___ Provided records
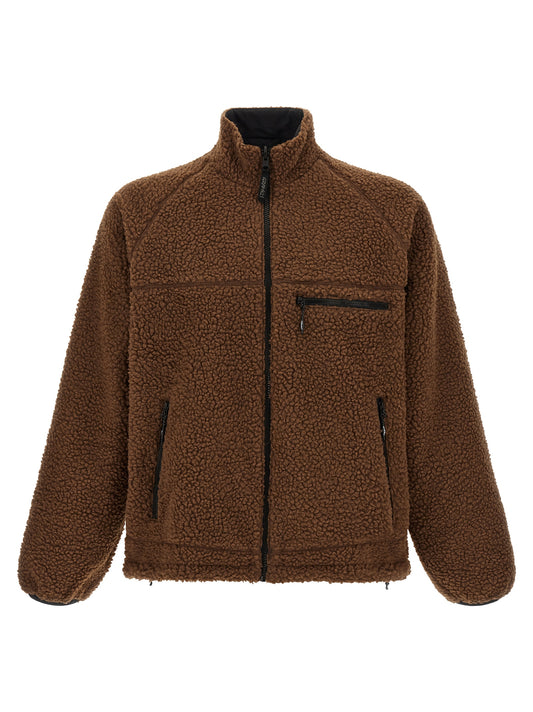 Overcoat by Gramicci for men in sherpa polyester & nylon black, brown & multicolor features an voluminous silhouette, showcasing distinct pockets and a voluminous high-neck neckline for a truly voluminous aesthetic.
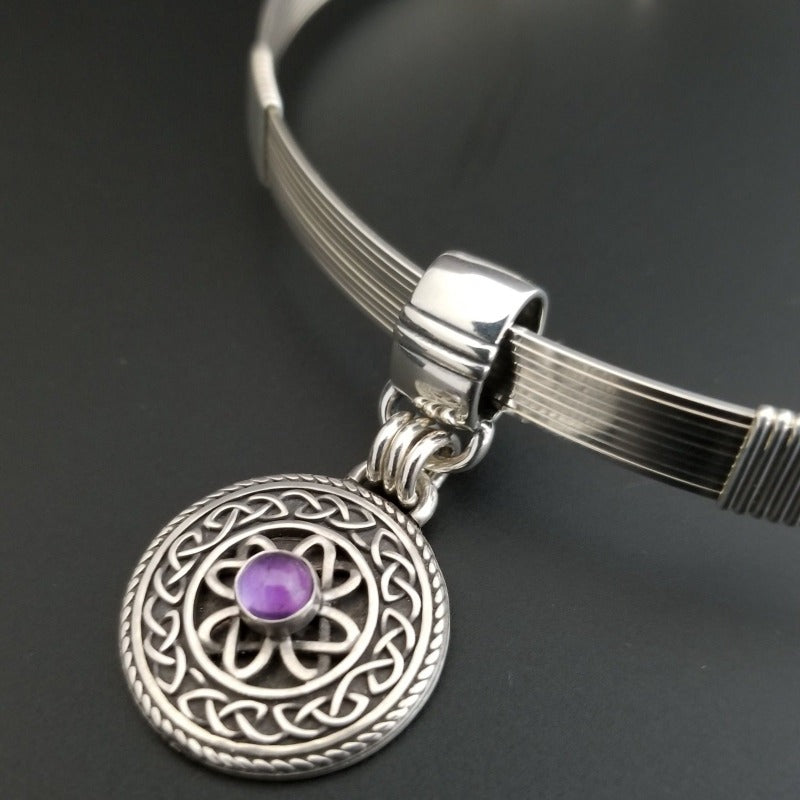 The Lodi locking submissive collar in sterling with Irish Good Luck medallion in amethyst. The collar can be worn alone or with collar enhancers.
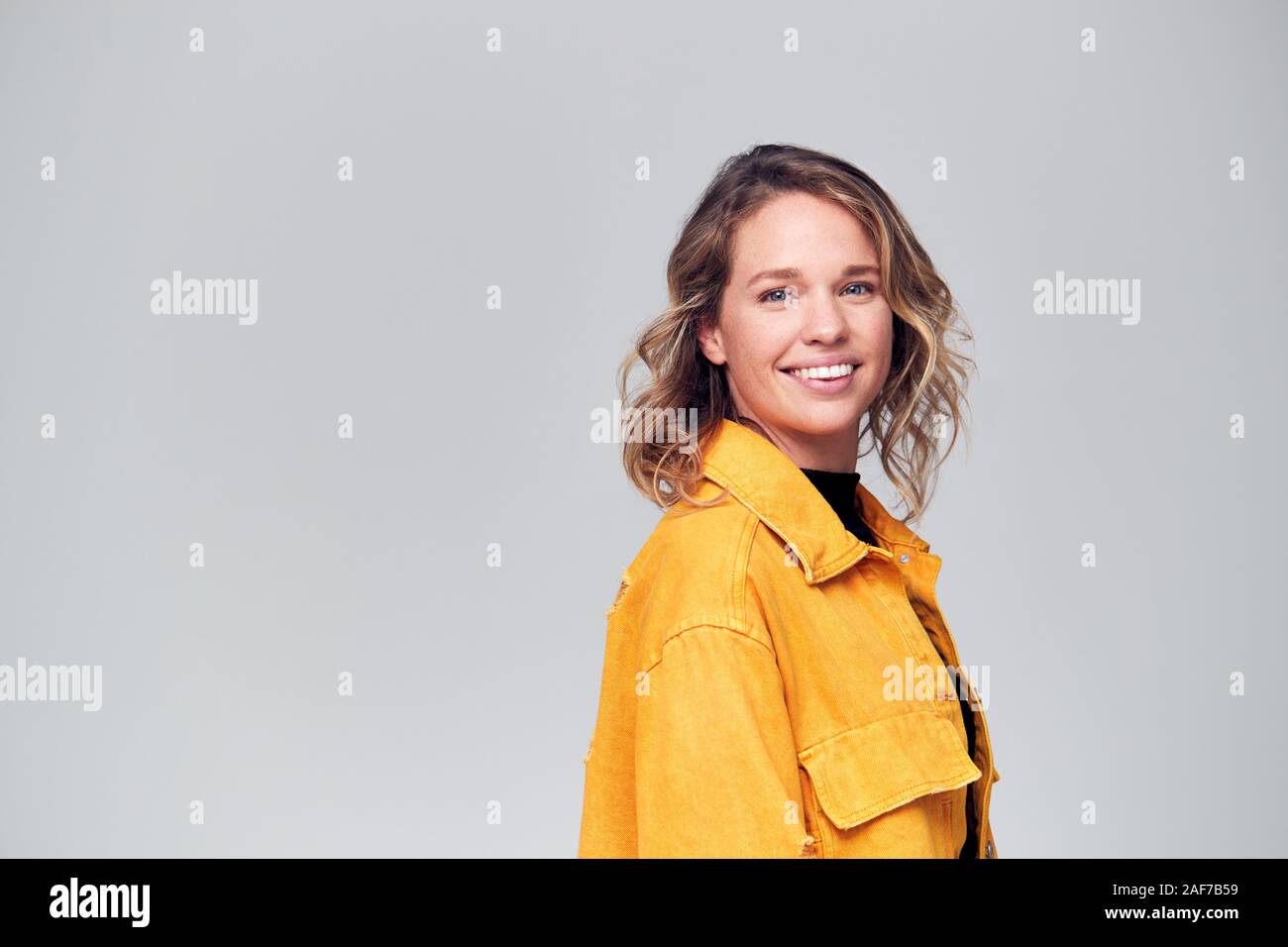Offset Smiling Offset Studio Portrait Of Positive Happy Young Woman Smiling Off Camera ...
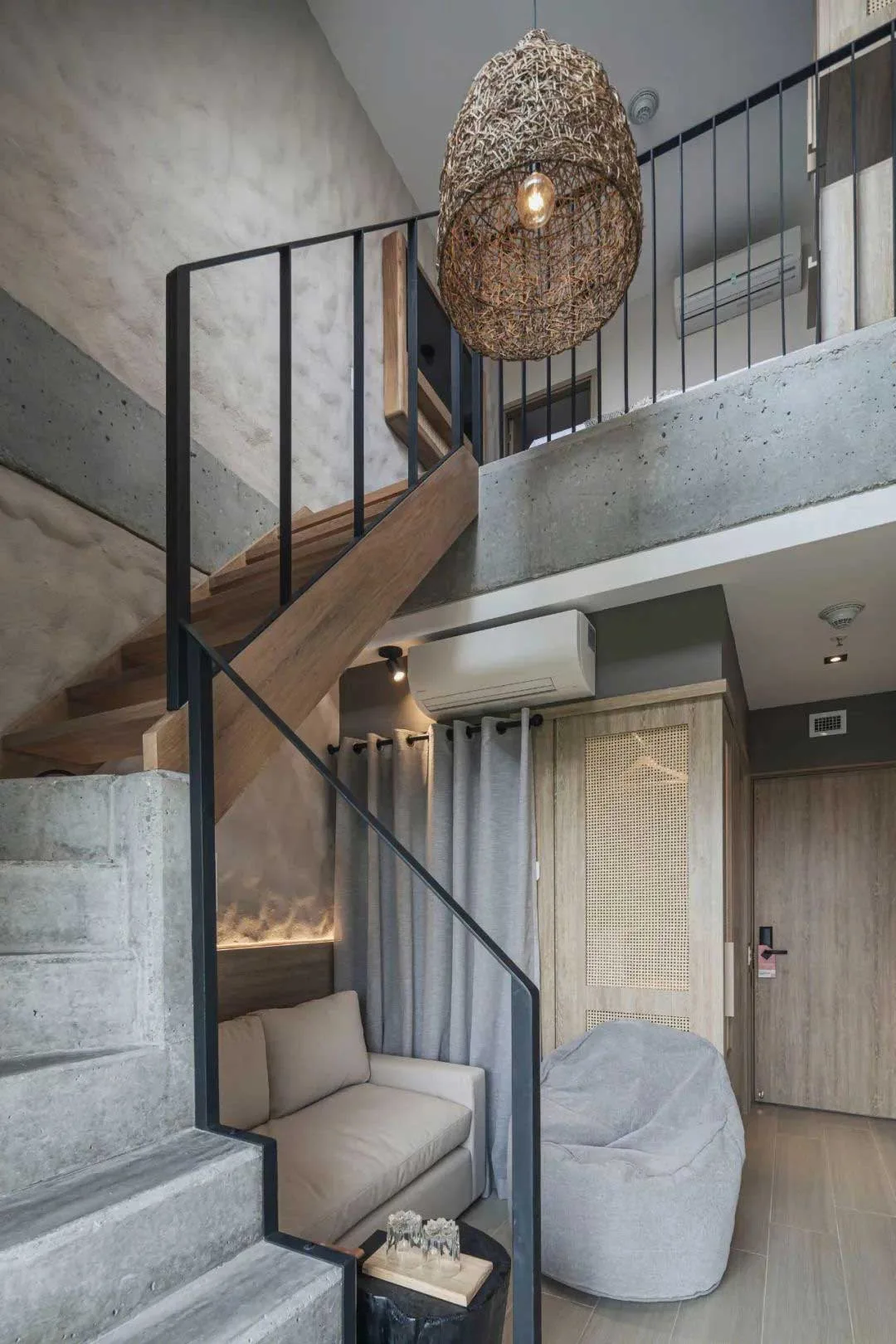 Duplex guest-room corner with stair, bed and lounge chair
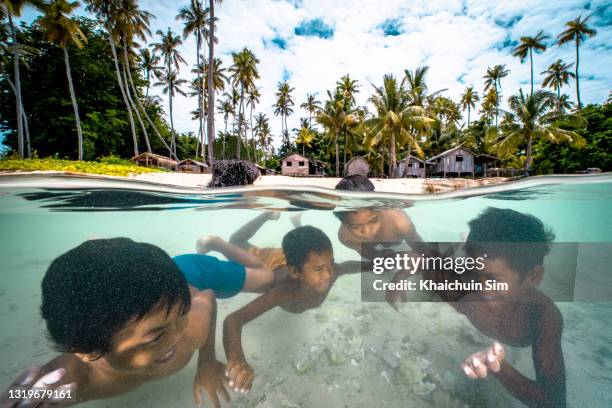 bajau children swimming in the sea of tropical island beach - bermuda snorkel stock pictures, royalty-free photos & images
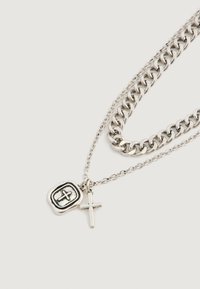 Kaks hõbedast kaelakeed heledal taustal; üks kett on paks ja teine õhuke, mõlemal ristripats, üks vaha pitsati disainiga.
______
Give back the material above exactly, but without its images.

Problem solution:
 Overcoat by Gramicci for men in sherpa polyester & nylon black, brown & multicolor features an voluminous silhouette, showcasing distinct pockets and a voluminous high-neck neckline for a truly voluminous aesthetic.
 The Lodi locking submissive collar in sterling with Irish Good Luck medallion in amethyst. The collar can be worn alone or with collar enhancers.
Offset Smiling Offset Studio Portrait Of Positive Happy Young Woman Smiling Off Camera ...
 Duplex guest-room corner with stair, bed and lounge chair
 bajau children swimming in the sea of tropical island beach - bermuda snorkel stock pictures, royalty-free photos & images
 Kaks hõbedast kaelakeed heledal taustal; üks kett on paks ja teine õhuke, mõlemal ristripats, üks vaha pitsati disainiga.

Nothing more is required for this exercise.